As a 20-year resident of Bayside, I have observed firsthand the impact of having a concentration of services located in this small area of Portland. I was selected by the City Council to serve on the 2012 Task Force to End Homelessness.

While I did not agree with all of the task force’s conclusions, I did concur that a concentration of services in Bayside is to be avoided and that shelters need to be spread out over the entire city. Bayside has the teen shelter, the family shelter, the Oxford Street Shelter, the Preble Street overflow shelter, the Preble Street courtyard and the Preble Street soup kitchen. These facilities’ impact upon Bayside is staggering. We have more calls for service by far than any other part of Portland.

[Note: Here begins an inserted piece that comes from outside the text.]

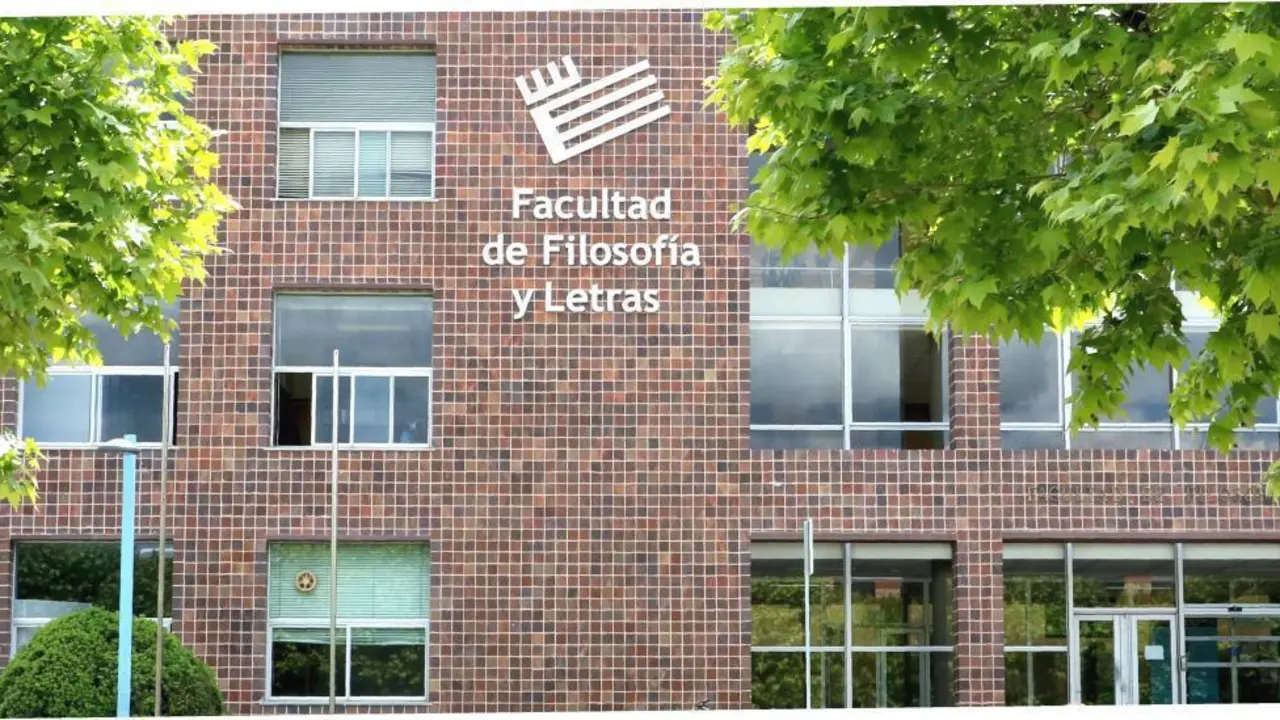Facultad de filosof&iacute;a y letras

Thirty or so years ago, the city agreed to welcome everyone who needed shelter. As a result Portland has become a haven for the homeless, with many communities in Maine and even, I’ve heard, in other parts of the country giving away bus tickets to Portland as a means of addressing their own homelessness issues. Besides not being sustainable, this victimizes the homeless by separating them from family and friends.

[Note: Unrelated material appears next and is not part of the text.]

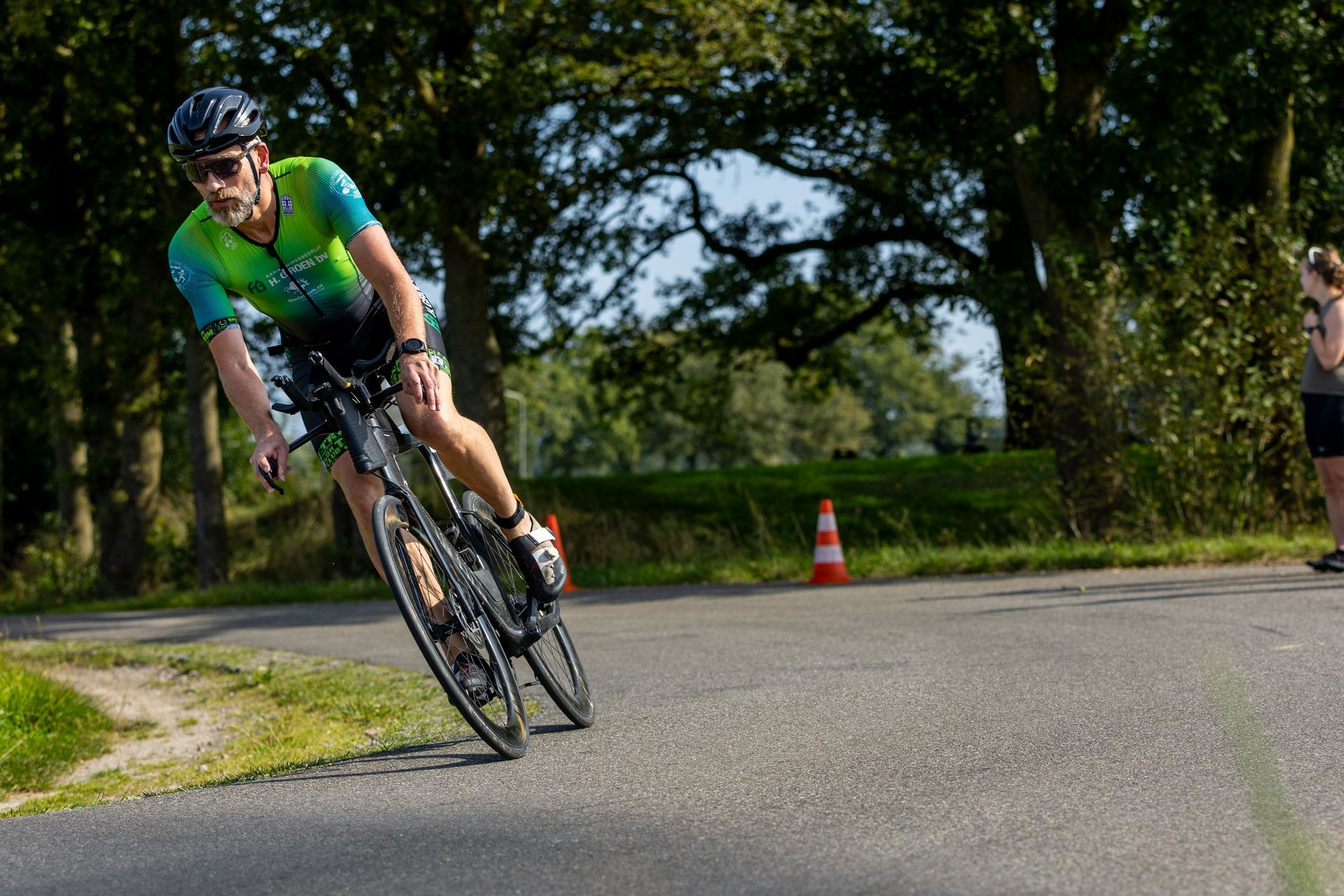 Een man fietst over een weg.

The city must continue to develop specialty shelters with partners, build a larger shelter in Riverton with on-site services and establish a women’s shelter – but on a small scale and in a place where women can feel safe from predators and abusers.

The city manager and City Council have taken positive steps, but now is the time to stop kicking the can down the road. The council should select the only viable option – city-owned land in Riverton – and install the necessary transportation system and other infrastructure needs. This is a step on the road to solving the crisis of homelessness in Portland.